● Source information
########################################
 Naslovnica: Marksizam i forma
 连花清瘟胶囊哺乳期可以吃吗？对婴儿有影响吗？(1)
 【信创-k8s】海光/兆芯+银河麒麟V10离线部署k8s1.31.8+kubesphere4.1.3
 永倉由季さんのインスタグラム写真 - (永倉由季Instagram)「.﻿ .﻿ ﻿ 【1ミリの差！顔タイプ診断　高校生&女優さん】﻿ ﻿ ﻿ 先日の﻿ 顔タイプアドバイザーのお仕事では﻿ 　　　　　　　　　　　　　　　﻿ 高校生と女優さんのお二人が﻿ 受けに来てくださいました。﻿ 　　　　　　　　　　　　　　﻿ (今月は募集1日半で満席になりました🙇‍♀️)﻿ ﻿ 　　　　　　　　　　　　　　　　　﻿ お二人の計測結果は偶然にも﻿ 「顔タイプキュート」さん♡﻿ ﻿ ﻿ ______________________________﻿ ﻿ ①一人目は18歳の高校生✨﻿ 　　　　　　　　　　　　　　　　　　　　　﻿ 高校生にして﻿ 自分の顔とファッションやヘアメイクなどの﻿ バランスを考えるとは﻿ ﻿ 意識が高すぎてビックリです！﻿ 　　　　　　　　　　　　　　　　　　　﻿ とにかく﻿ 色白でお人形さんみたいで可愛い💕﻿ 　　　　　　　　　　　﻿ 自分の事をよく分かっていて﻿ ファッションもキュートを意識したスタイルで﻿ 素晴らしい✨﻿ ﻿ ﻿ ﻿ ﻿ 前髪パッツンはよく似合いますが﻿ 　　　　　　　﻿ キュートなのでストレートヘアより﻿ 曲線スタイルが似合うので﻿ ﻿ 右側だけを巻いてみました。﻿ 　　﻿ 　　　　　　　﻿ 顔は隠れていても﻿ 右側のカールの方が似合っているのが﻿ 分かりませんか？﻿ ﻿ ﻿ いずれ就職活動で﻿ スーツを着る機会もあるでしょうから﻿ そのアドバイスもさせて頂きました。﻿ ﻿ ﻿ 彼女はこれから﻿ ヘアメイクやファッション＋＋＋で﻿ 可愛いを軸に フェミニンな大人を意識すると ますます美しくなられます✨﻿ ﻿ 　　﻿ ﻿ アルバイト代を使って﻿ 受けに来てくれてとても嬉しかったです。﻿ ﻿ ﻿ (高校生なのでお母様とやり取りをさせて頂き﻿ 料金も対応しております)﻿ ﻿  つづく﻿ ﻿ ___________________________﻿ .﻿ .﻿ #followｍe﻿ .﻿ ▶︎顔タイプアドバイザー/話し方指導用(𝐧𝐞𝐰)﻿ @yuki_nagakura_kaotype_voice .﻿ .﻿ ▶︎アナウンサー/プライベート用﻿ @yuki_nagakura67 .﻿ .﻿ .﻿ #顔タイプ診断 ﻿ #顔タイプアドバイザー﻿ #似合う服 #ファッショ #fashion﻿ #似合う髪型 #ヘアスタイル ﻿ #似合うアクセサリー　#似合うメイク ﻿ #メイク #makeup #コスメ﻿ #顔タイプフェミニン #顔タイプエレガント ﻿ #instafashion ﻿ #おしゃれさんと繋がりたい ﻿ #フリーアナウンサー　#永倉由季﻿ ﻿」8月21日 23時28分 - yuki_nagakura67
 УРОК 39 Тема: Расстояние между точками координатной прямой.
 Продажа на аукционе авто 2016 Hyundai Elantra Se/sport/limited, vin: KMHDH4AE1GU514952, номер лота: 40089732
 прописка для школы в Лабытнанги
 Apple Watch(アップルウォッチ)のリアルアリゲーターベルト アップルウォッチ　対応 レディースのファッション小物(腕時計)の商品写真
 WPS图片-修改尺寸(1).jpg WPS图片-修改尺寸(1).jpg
########################################
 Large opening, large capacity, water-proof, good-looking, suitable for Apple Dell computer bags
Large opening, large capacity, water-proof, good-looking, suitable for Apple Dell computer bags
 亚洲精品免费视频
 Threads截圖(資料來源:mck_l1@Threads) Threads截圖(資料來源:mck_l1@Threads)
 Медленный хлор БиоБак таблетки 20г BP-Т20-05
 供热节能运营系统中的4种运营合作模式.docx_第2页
########################################
Which lines in the material contain the word "computer"? Pull each of them out.

 Large opening, large capacity, water-proof, good-looking, suitable for Apple Dell computer bags
Large opening, large capacity, water-proof, good-looking, suitable for Apple Dell computer bags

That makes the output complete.